◆ WORK INSTRUCTIONS: In this exercise, print only the lines of the records below from the one with "20172.0T (q)Ş 7" through the one with "12217 Cranston Way, Bradenton, FL", inclusive. Pictures are not part of the copy.

◆ MATERIAL SHOWN:
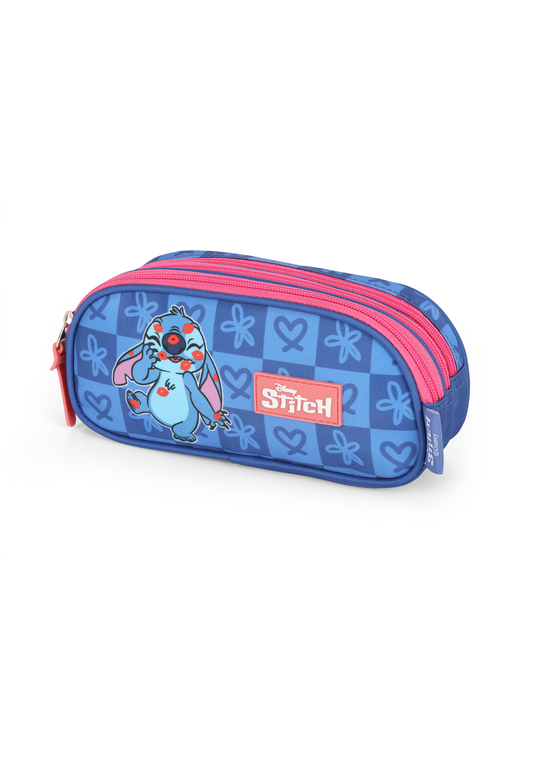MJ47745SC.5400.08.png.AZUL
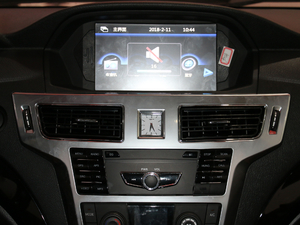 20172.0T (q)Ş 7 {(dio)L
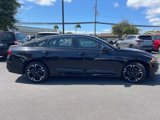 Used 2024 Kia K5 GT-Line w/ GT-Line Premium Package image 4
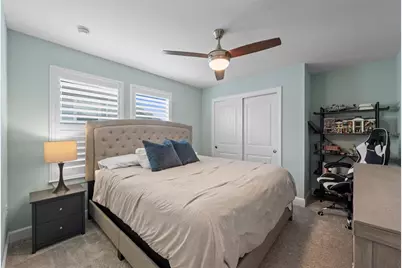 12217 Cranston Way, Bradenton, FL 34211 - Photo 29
* * *
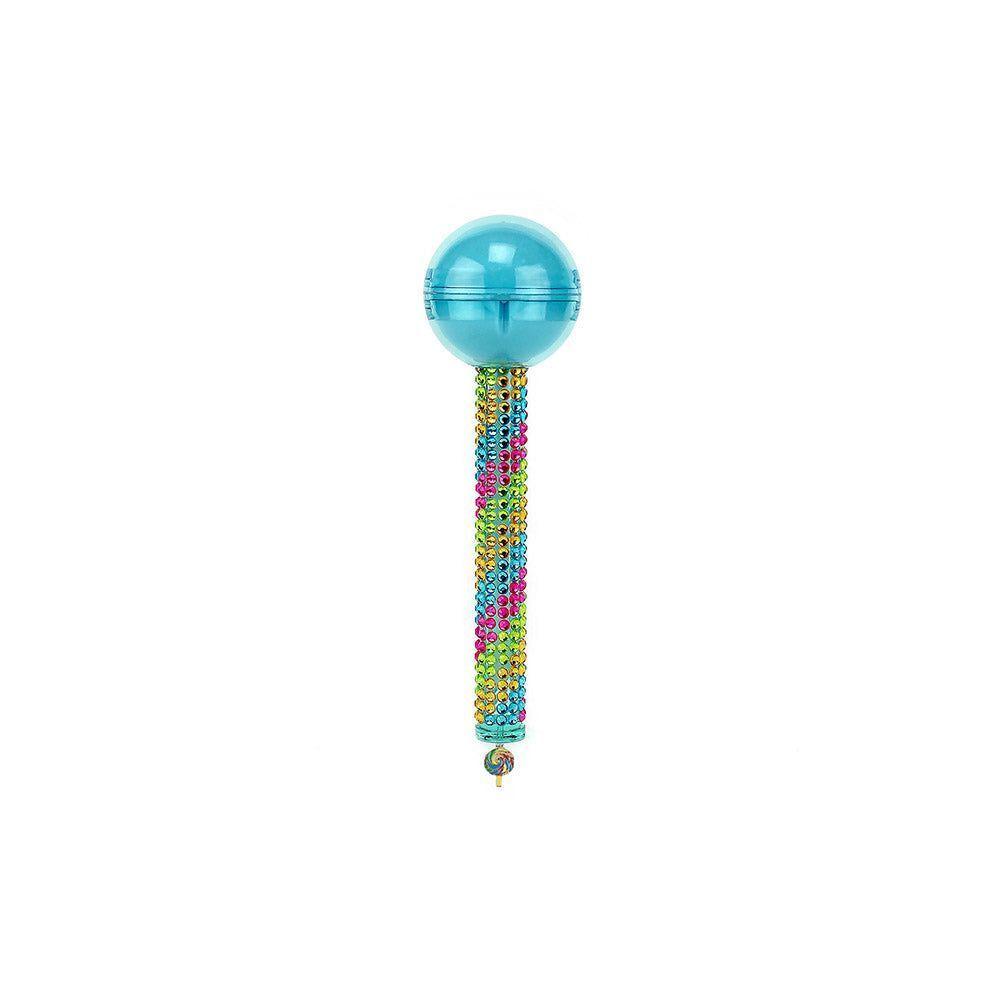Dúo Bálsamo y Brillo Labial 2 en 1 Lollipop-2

◆ TASK RESPONSE:
 20172.0T (q)Ş 7 {(dio)L
 Used 2024 Kia K5 GT-Line w/ GT-Line Premium Package image 4
 12217 Cranston Way, Bradenton, FL 34211 - Photo 29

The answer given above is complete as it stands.